Le conte des frères Grimm a rarement reçu un traitement louable au cinéma. S'il s'était servi de leur univers pour élaborer un discours sur la lubie, Terry Gilliam n'avait, avec son
Brothers Grimm, que ratissé un sujet qui était rapidement tombé à l'eau sous le poids des attentes et d'un grotesque qui avait déplu à la majorité des cinéphiles. Pourtant, le film de Gilliam n'est pas étranger à la démarche du cinéaste coréen Yim Pil-Sung qui renoue avec les anciens récits germaniques dans l'espoir d'y fonder un discours contemporain sur l'enfance et ses mécanismes de défense (chose que Del Toro avait merveilleusement réussie avec son
Pan's Labyrinth). Ainsi, ce
Hansel & Gretel coréen raconte l'arrivée d'un adulte, Eun-Soo, dans une étrange maison. À la suite d'un accident de la route - il se dirigeait chez sa mère gravement malade - notre homme se réveille au creux d'une forêt inquiétante dans laquelle il se voit guider vers un refuge par une jeune fille à la robe rouge et à l'antique lanterne. Sorte de premier pastiche à l'univers des Grimm, le petit clin d'oeil annonce d'emblée l'entrée dans un monde complètement rose bonbon et au kitch extravagant. Peu après son arrivée, Eun-Soo rencontrera les deux autres enfants d'une famille drôlement accueillante (les parents sont tenus en esclavage par les enfants). Alors que tout cloche et rien ne semble légitime par cet excès de bonté et de classicisme folklorique (les beaux éclairages, les beaux costumes, les beaux maquillages, les beaux accessoires, etc.), Pil-Sung nous entraîne dans un conte de fées fondé sur le malaise et sur la reprise des grands canons de l'art de conter, et surtout de son rapport à l'enfance.
En effet,
Hansel & Gretel s'identifie rapidement comme le récit des enfants dans un monde où ceux-ci ne seraient jamais parvenus à sortir de la forêt. Pour faire vite, l'histoire des frères Grimm allait comme suit: deux enfants sont maltraités par leurs parents et par deux fois ils sont expulsés de la maison familiale. Une fois rendue en forêt, ils parsèment des petits bouts de pain derrière eux pour retrouver leur chemin (un animal mangera le pain), atterrissent ensuite dans la maison en pain d'épices d'une vilaine sorcière. La soeur est forcée à cuisiner pour faire engraisser le garçon qui, une fois prêt à être dégusté, sert d'appât à la sorcière qui tombe dans le panneau et termine brûlée dans son propre four. Fin. Pil-Sung commence cependant son conte en supposant que les enfants seraient restés prisonniers de la maison, encore incapables de retrouver leur chemin et ainsi, forcés à créer de toutes pièces un imaginaire familial qui leur permettrait de survivre et de rester jeunes par manque de parent (sans parent, ils ne peuvent trouver modèles, donc atteindre la maturité). Si le film joue incroyablement bien la corde raide de la quête parentale, c'est tout d'abord grâce à la remise en contexte de l'abandon des enfants dans le contexte contemporain des explosions de natalité en Asie. Orphelins parmi tant d'autres, les enfants font partie d'un orphelinat où des impressions de prostitution, d'esclavage et de torture infantile suggèrent, en fin de récit, un retournement des rôles en faisant des adultes le plus grand ennemi d'enfants-démons (puisque magiques et interprétés comme antagonistes à Eun-Soo tout au long du récit). Pourchassés par un curieux personnage (qui retient facilement les airs du curé-assassin de
Night of the Hunter - inutile cependant d'approfondir l'hommage uniquement narratif), ils trouveront l'occasion de prouver à notre héros bien méfiant leur bonté tout innocente et leur désir maladif d'avoir des parents honnêtes et aimants.
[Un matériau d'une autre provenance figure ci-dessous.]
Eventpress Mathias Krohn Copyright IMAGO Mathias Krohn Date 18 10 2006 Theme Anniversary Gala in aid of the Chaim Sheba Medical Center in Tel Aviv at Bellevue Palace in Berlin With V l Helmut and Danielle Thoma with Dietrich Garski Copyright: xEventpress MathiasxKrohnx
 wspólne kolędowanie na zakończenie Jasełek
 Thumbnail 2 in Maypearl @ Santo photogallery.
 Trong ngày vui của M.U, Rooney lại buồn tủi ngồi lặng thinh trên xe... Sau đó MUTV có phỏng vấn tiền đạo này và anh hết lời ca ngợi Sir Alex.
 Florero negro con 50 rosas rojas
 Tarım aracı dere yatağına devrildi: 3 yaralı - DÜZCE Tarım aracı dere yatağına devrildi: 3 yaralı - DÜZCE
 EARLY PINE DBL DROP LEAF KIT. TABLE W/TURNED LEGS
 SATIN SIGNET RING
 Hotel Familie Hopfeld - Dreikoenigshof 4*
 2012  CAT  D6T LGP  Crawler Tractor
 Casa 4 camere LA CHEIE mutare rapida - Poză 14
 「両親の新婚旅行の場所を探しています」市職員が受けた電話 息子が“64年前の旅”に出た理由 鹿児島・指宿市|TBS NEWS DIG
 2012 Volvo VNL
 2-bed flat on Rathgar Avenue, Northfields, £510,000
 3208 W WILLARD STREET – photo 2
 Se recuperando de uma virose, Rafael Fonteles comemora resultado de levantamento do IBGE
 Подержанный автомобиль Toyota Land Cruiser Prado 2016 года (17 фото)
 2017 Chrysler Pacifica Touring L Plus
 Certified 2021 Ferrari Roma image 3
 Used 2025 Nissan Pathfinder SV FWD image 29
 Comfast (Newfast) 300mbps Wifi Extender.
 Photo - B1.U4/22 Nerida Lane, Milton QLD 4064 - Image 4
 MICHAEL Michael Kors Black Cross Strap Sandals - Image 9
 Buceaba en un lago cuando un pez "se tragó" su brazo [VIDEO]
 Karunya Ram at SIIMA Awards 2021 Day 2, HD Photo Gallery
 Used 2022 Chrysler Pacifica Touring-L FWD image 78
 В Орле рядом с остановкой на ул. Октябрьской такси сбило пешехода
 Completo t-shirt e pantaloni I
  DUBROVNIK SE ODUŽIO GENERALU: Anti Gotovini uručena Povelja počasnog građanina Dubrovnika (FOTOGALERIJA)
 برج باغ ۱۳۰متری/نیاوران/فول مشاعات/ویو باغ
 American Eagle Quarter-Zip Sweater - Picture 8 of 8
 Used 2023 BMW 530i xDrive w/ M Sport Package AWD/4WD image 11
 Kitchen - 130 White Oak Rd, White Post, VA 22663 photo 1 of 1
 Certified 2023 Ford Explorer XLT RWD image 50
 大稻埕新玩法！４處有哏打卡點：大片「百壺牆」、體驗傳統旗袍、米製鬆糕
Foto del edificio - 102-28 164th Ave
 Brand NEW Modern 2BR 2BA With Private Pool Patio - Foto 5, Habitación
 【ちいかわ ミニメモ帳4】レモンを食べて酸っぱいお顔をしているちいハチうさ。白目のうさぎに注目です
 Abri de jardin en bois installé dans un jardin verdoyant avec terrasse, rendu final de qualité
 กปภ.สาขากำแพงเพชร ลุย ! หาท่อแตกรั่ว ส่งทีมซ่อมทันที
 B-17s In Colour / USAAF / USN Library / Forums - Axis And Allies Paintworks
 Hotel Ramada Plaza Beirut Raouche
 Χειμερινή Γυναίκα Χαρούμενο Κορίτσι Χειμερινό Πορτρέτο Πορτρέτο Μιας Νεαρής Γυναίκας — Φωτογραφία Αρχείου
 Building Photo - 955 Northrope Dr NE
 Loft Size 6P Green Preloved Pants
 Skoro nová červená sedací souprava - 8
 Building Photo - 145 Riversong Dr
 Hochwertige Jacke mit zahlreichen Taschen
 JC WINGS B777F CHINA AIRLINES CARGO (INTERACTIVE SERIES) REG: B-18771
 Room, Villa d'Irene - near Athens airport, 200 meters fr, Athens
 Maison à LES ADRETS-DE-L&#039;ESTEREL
Cachés dans l'ombre lorsqu'ils reprennent leur véritable forme (donc l'âge adulte), ces vieux enfants craignent le regard de Eun-Soo et craignent son départ en espérant avoir trouvé en sa personne la figure paternelle qui leur aura toujours été refusée. Dissimulée derrière des rideaux de clairs-obscurs volontairement « artificialisé », une aura de kitch s'empare des scènes d'épouvantes ici renversées dans un conte pour enfants corrompu par l'unique regard - celui de la méfiance - que nous pouvons lui accorder. Parce que trop coloré, trop bien composé, interprété dans le seul registre du sourire et des politesses, Pil-Sung surfait l'esthétique de son film tourné dans une maison de pain d'épice esthétique bourrée de trouvailles et de gratuités cinématographiques « sucrées » tantôt plaisantes, tantôt forcées. Au fur et à mesure que le réel se réalise pour ces enfants, que les fantômes du passé les rattrapent et qu'ils affrontent ce désir de conserver à jamais l'enfantillage comme dogme, l'univers de
Hansel & Gretel vire au gris et à l'obscurité. La colère des enfants s'accentue, leurs colères s'avèrent de plus en plus mortelles (dont une curieuse métamorphose en poupée de porcelaine) et la mise en scène perd peu à peu de son lustre dynamique en s'ancrant dans des plans fixes déformés, visuellement tourmentés. C'est ainsi que les jeunes diables deviendront de vieux innocents, que les élans de
travellings et de zooms rapides ralentiront et resteront, à défaut d'être originale, les causes d'une finale mal bouclée et malheureusement moins rigoureuse sur le plan esthétique.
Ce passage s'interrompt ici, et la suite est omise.